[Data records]
↓

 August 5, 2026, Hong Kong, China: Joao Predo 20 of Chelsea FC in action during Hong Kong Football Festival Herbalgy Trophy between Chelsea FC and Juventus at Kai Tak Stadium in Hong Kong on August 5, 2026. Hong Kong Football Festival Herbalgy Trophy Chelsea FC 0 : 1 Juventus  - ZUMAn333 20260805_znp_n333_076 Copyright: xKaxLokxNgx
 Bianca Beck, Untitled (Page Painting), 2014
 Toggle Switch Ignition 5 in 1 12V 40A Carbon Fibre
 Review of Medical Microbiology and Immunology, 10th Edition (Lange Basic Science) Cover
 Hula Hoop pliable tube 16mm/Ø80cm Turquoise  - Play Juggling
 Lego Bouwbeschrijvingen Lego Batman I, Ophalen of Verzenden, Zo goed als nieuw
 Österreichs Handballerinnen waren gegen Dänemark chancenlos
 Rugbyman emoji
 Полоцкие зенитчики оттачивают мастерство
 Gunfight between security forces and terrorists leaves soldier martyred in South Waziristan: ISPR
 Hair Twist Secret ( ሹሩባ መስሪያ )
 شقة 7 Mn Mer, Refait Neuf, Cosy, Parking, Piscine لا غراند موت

↑

◆ What the task asks ◆
Lines from the one containing "Полоцкие зенитчики оттачивают мастерство" through the end of the entries above must be copied exactly; include both ends and no other lines.

◆ Result of this task ◆
 Полоцкие зенитчики оттачивают мастерство
 Gunfight between security forces and terrorists leaves soldier martyred in South Waziristan: ISPR
 Hair Twist Secret ( ሹሩባ መስሪያ )
 شقة 7 Mn Mer, Refait Neuf, Cosy, Parking, Piscine لا غراند موت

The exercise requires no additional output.